81Few4FQ9cL[1]In her invaluable book Shakespeare’s Use of the Arts of Language, Sister Miriam Joseph tells us that, according to Shakespeare scholar T. W. Baldwin, William Shakespeare “was trained in the heroic age of grammar school rhetoric in England, and he shows knowledge of the complete system, in its most heroic proportions. He shows a grasp of the theory as presented by the various texts through Quintilian.” In fact, a contemporary reported that Shakespeare was a country schoolmaster before he came to London, and at that time the grammar school would have significantly familiarized him with the arts of language.  Many passages in Shakespeare’s plays show such a familiarity with the technical vocabulary of rhetoric.

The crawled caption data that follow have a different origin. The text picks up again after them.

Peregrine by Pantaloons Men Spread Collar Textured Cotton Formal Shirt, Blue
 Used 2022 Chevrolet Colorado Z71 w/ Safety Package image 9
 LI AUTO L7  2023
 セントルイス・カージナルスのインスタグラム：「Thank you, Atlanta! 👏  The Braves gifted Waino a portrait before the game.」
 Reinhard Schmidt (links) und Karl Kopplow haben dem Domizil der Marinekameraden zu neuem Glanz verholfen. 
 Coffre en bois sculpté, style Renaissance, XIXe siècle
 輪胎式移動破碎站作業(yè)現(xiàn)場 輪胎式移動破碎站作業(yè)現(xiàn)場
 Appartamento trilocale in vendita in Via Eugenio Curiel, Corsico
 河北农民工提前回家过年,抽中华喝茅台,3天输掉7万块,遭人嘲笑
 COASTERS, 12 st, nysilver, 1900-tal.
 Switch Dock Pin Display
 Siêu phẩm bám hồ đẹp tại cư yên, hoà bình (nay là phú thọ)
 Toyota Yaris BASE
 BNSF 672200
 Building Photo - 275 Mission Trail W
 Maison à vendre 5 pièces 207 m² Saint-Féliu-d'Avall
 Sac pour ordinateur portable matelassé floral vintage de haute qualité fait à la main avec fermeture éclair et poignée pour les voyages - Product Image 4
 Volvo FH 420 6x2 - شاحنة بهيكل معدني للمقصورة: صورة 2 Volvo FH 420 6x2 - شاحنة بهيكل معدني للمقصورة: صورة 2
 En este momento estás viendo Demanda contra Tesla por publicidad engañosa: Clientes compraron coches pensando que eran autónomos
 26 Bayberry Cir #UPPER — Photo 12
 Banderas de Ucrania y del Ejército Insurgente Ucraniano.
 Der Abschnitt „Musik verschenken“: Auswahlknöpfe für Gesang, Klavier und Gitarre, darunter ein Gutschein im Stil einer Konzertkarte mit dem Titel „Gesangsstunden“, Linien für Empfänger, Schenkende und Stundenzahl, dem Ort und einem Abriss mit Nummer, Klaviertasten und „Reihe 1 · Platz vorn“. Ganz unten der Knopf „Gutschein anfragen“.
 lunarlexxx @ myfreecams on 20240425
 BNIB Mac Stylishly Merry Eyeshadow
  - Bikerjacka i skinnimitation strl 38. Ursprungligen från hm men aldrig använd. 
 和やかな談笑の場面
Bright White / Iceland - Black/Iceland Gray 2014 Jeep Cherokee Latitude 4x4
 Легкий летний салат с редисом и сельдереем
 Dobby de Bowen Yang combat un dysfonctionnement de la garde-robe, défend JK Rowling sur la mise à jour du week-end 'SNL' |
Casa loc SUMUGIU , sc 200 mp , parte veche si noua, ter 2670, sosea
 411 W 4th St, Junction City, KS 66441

In the first scene of The Taming of the Shrew, having arrived in “fair Padua, nursery of arts,” Lucentio says to his servant Tranio, “Here let us breathe and haply institute a course of learning and ingenious studies” (1.1.2, 8-9). Tranio replies, “No profit grows where no pleasure is ta’en” (1.1.39), and so advises, “Let’s be no stoics nor no stocks, I pray; Or so devote to Aristotle’s checks as Ovid be an outcast quite abjured: Balk logic with acquaintance that you have and practice rhetoric in your common talk” (1.1.31-5).

In the play As You Like It (5.1.42-49), the clown Touchstone warns William not to pursue the country maid Audrey in this discourse:

Touch: Give me your hand. Art thou learned?
Will: No, sir.
Touch: Then learn this of me: to have, is to have; for it is a figure in rhetoric that drink, being poured out of a cup into a glass, by filling the one doth empty the other; for all your writers do consent that ipse is he: now, you are not ipse, for I am he.

Shakespeare’s characters often mention figures of speech, as in Love’s Labour’s Lost (5.1.67), “What is the figure? what is the figure?” or as in All’s Well that Ends Well (5.2.11-14) in this discourse between Parolles and the Clown:

Par: Nay, you need not stop your nose, sir: I spake but by a metaphor.
Clo: Indeed, sir, if your metaphor stink, I will stop my nose…

But perhaps the strongest evidence of Shakespeare’s education in formal rhetoric is the oratory that he puts into the mouth of his characters. Speeches that come from Shakespeare’s pen are considered some of the greatest in the English language, and figure well as examples to use in any rhetoric course. Let me briefly mention a few by giving their most famous lines:

“Friends, Romans, countrymen, lend me your ears” – Julius Caesar (3.2)

“We few, we happy few, we band of brothers” – Henry V (4.3)

“It is a tale told by an idiot, full of sound and fury, signifying nothing.” – Macbeth (5.5)

“To be, or not to be: that is the question” – Hamlet (3.1)

“But, soft! what light through yonder window breaks?” – Romeo and Juliet  (2.2)

“All the world’s a stage, and all the men and women merely players” – As You Like It (2.7)

“The quality of mercy is not strain’d, it droppeth as the gentle rain from heaven upon the place beneath” – The Merchant of Venice (4.1).

For more, Sister Miriam Joseph’s book is well worth the read.